This week I got my notice from the government about how much they think my house is worth. They clearly didn’t spend much time on my house because my assessment went up by exactly the average amount in my area, 13%.
Fortunately, this doesn’t mean that my property taxes will go up by 13%. City governments don’t collect more taxes when property values rise and less when property values fall. What actually happens is the city decides on the total amount they will collect from homeowners, and then divides that amount among homeowners in proportion to assessed property values.
For example, if the city needs $1 billion from us, and the total value of all houses is $80 billion, then the tax rate is set at 1/80=1.25%. A house worth $320,000 would pay $4000 in property taxes. If property values had plummeted to a total of $50 billion, then the tax rate would have been set at 1/50=2%. The house that was worth $320,000 in good times is probably worth only $200,000 in bad times, but would still pay $4000 in property taxes (2% of $200,000).
With this type of system, what really matters to your property taxes is how much the value of your house rises compared to everyone else. Suppose that the city increases taxes by an average of 5% from last year to this year. My house’s assessed value went up by exactly the average amount, 13%. So, my tax increase will be 5%. If my assessment had gone up by 17%, then my taxes would have gone up by about 4% more than average, or about 9%.

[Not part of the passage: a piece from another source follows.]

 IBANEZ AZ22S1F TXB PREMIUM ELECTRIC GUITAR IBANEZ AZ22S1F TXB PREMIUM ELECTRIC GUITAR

One other wrinkle for my area is that new property values will be phased in over four years. This was done to reduce the shock for homeowners whose assessments changed dramatically. If no new assessments are done in the next four years, then I can look forward to paying exactly the average tax increase each year. If my assessment had gone up by 17% instead of the average 13%, then I could look forward to seeing my property taxes increase by about 1% more than the average for each of the next four years.